Renowned pattern designer and teacher Jo Morton is adding a new designation to her list of accomplishments—Moda fabric designer. Her first Moda line, Gratitude, will be appearing in shops at the end of the summer and its rich, warm colors are perfect for autumn stitching.
Gratitude’s cozy vibe will fit right in to the 1928 bungalow Jo shares with her husband and cats in Nebraska City, Nebraska. Their home features oak woodwork and lots and lots of quilts, which don’t overwhelm the place because of their smaller-than-average size.
Small quilts suit Jo for a number of reasons, including a lack of wall space to display large ones, an interest in trying out lots of patterns, and an ability to make them in a short time. This last aspect especially appealed to her after making her first quilt in a class in 1980 in Lincoln—a twelve block, double-bed-sized, hand-pieced, hand-appliqued, and hand-quilted sampler. In those days she was working as a bookkeeper for a car dealership and made a deal with her boss to work Saturday mornings so she could take Wednesday afternoons off for the quilt class. That deal obviously worked in Jo’s favor, as quilting became her life’s work.

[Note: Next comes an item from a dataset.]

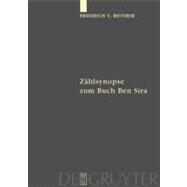 Zahlsynopse Zum Buch Ben Sira by Reiterer, Friedrich V., 9783110175202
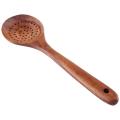 Teak Wood Spoon Long Handle Spoon Big Rice Paddle Wooden Spoon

Antique quilts were (and still are) Jo’s number one inspiration. “I am drawn to their quirks, and I especially love earthy-colored quilts,” she says. In 1985 she created her first quilt that looked old, a 24” by 24” wall hanging she named Hattie’s Baskets. These quilts with patina meld perfectly with the reproduction folk-style furniture the fills her home. She acquired the pieces at Pennsylvania, New England, and Virginia shows where she sold her small, framed quilts over a 12-year period. “I developed a love of craftsmanship in all things from furniture, paintings, basketry, pottery, and more,” she says. “Due to my travels then, I have a red ware pottery collection, and also have purchased yellow ware in antique shops.”
About ten years ago, Jo’s business was overtaking her home. When a nearby house came up for sale, Jo and Russ purchased it and moved Jo’s packing and shipping, fabric storage, and sewing studio into the 832-square-foot-home. Her “studio house” is just 50 steps away and gives her more room in which to work, but also makes it easier to shut the door on work at the end of the day.
Jo is going to be enjoying more time at her home and studio, as she plans to retire from teaching after one more scheduled session this summer. She’ll continue to run her popular Jo’s Little Women Clubs, to create patterns—Martingale just released her 22nd book, Jo’s Little Favorites, in January—and of course design fabric. That’s good for us all, because as Jo says she tells friends who say they’re only sewing from their stash “Every now and then what we have needs new friends, and new fabric can make your old stuff come to life.”